The appointment follows the sale of Waimangu earlier this year to a partnership between Te Mana o Ngāti Rangitihi, Tūhourangi Tribal Authority and Te Puia l New Zealand Māori Arts and Crafts Institute.
Waimangu Volcanic Valley chairman, Alan Skipwith, said after three months in the business, the partnership now has a clearer understanding of the operation and where it may go in the future.
“The existing team has been fantastic and has helped us easily transition into the business. We’re pleased to welcome David on board as general manager to lead the team into the busy summer season.
“His experience and credibility in the tourism industry and the extensive relationships which he has nurtured during this time, will play a pivotal role. There is potential to not only grow the business in a sustainable way, but to grow everyone here as well.”

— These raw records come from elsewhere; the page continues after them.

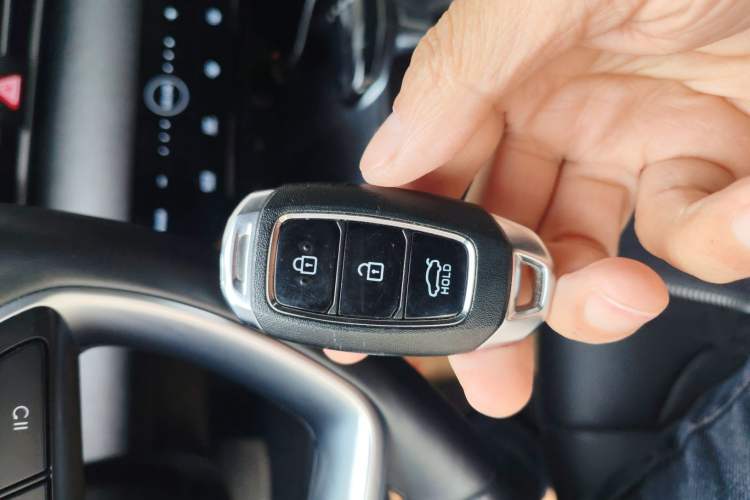 Used Hyundai Elantra 2021 1.5L CVT LUX Prestige Edition
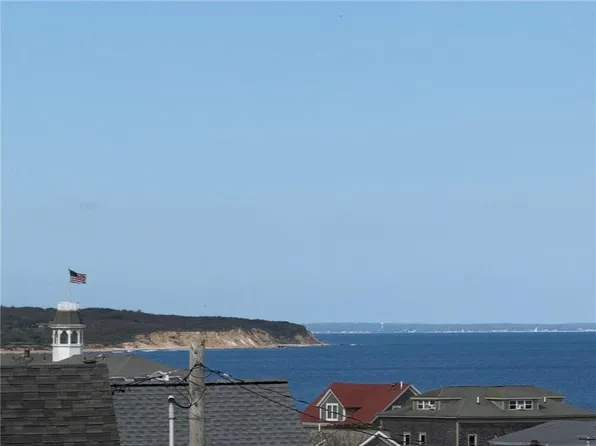 1289 High St, Block Island, RI 02807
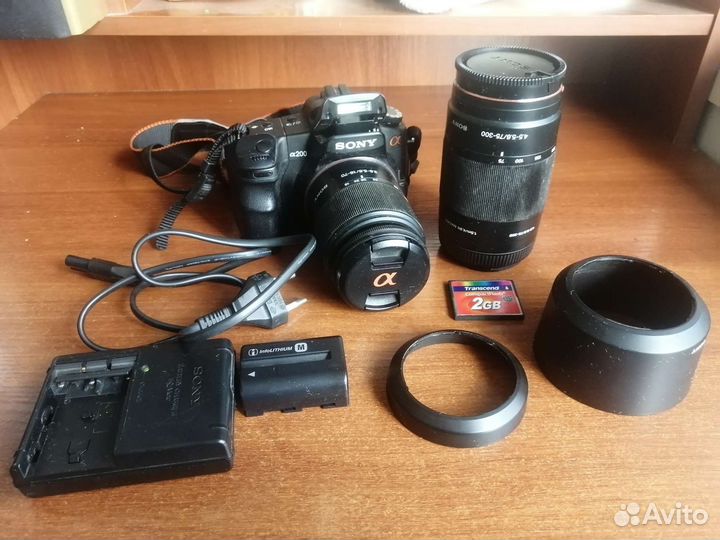 Зеркальный фотоаппарат Sony Alpha 200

Skipwith added that the partnership is working on identifying iwi stories to weave into the existing Waimangu operation, and are talking with nearby tourism operators to ensure their stories are consistent.
“We don’t want to overload people with too much information, but we do want to enhance the existing experience and our rich Māori history will play an important role in delivering that.”
Blackmore said he is looking forward to the new opportunity and being able to build on the visionary work undertaken at Waimangu in the past.
“As a unique geothermal and eco-tourism attraction, Waimangu’s history and legacy lends itself to plenty of rich experiences and stories. I’m looking forward making my own contribution to its next phase of development and taking it forward to a new level.”
Waimangu is the world’s youngest geothermal system and was created following the Tarawera eruption in 1886 – the same eruption that killed more than 150 people and destroyed what was known as the eighth wonder of the world, the Pink and White Terraces.
Blackmore said the link to the Pink and White Terraces was a contributing factor in taking on the job.
“There are very few places on the planet where you can work in and around what was the eighth wonder of the world.”